◆ **Task item**
Set down the line containing "Un Rottpeake au" and each line after it through the last line of the records, exactly, leaving pictures out.

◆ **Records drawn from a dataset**
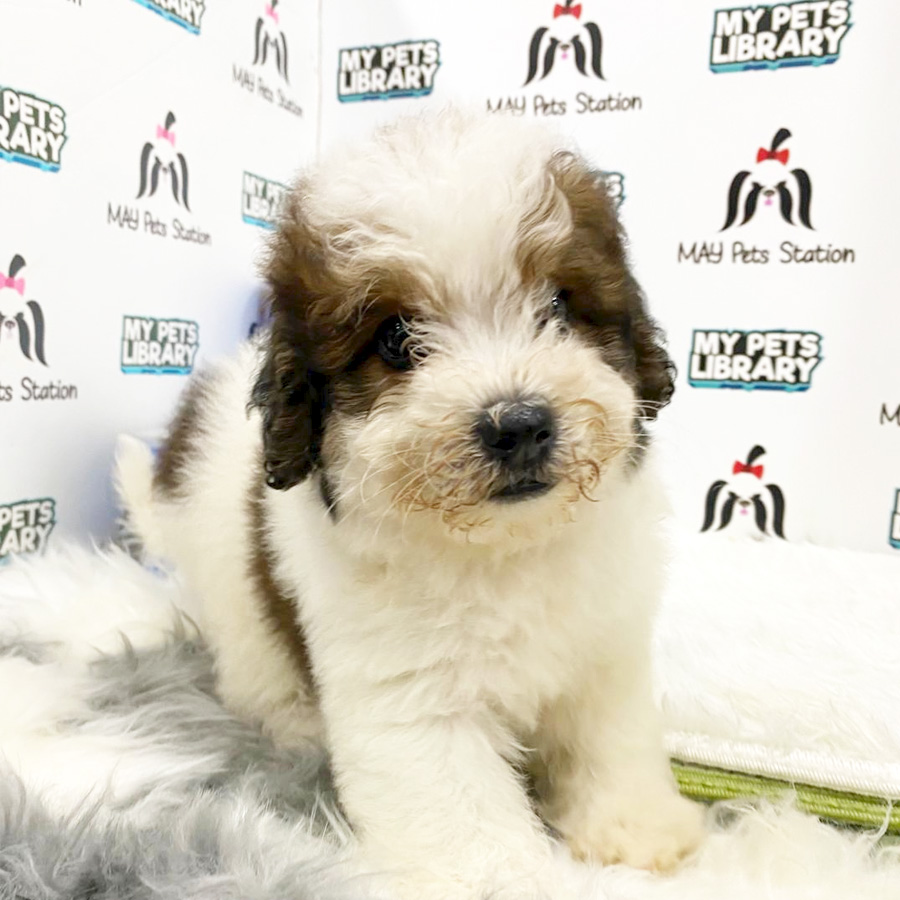 Toy Poodle Puppy (Male) For Sale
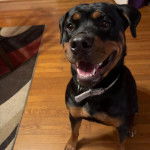 Un Rottpeake au pelage bicolore, assis sur un plancher, ayant la gueule ouverte et portant un collier autour du cou 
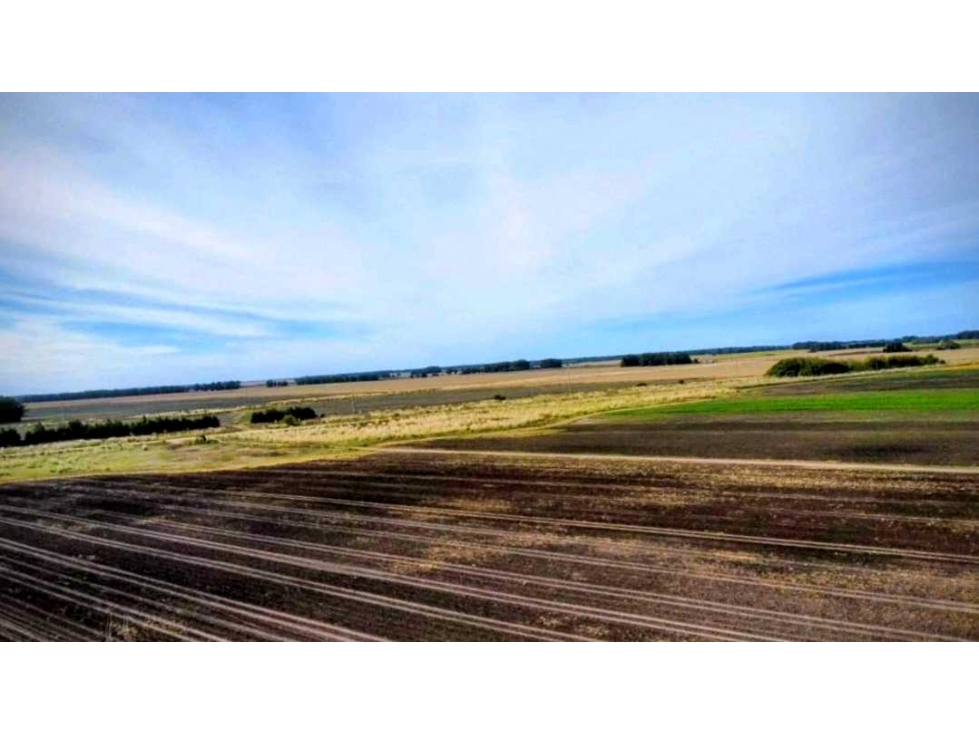 CAMPO 540 HECTAREAS, GENERAL ALVARADO, BUENOS AIRES, ARGENTINA - 4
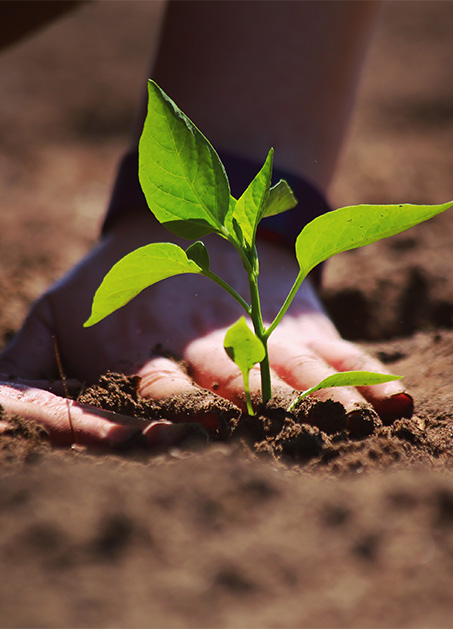 Soy Bean plant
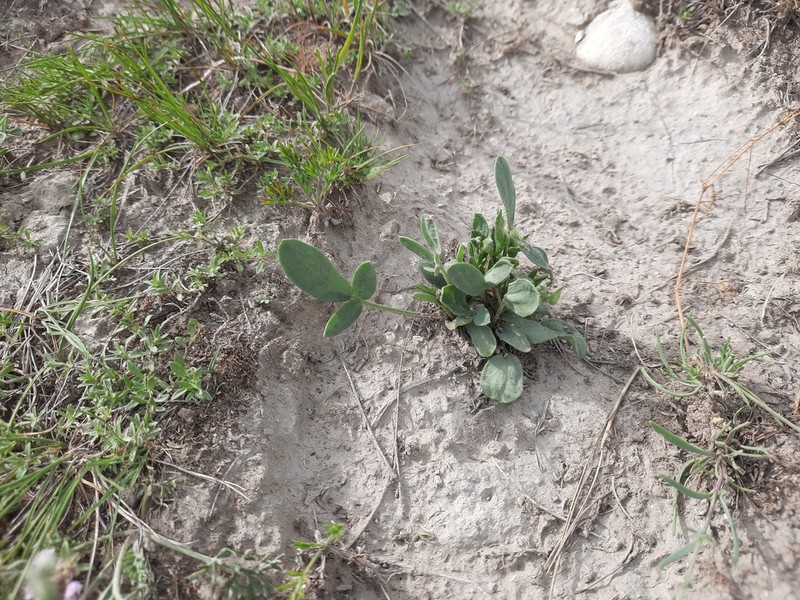 Oxytropis leucotricha photo 2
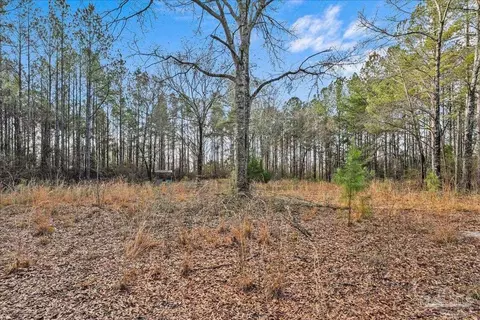 7901 Short Creek Rd, Jay, FL 32565 photo 8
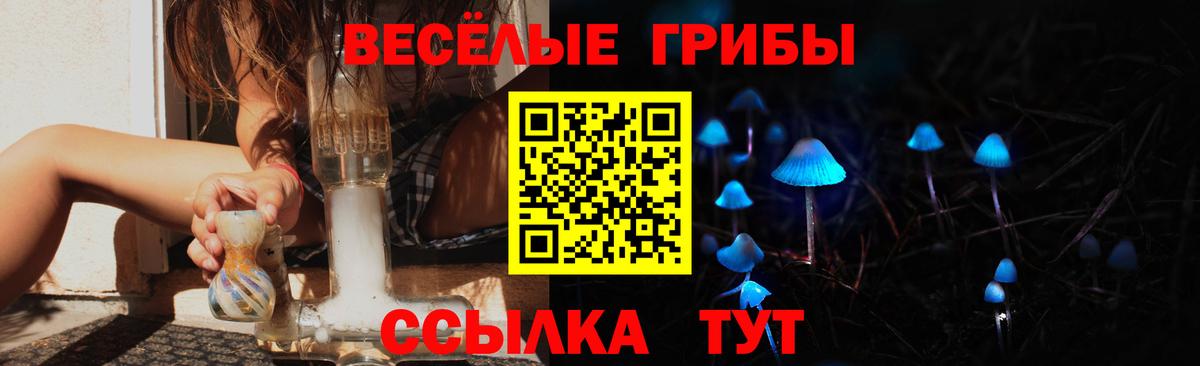 Псилоцибиновые грибы GOLDEN TEACHER  Вход с VPN  Камышлов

◆ **Response for this exercise**
 Un Rottpeake au pelage bicolore, assis sur un plancher, ayant la gueule ouverte et portant un collier autour du cou 
 CAMPO 540 HECTAREAS, GENERAL ALVARADO, BUENOS AIRES, ARGENTINA - 4
 Soy Bean plant
 Oxytropis leucotricha photo 2
 7901 Short Creek Rd, Jay, FL 32565 photo 8
 Псилоцибиновые грибы GOLDEN TEACHER  Вход с VPN  Камышлов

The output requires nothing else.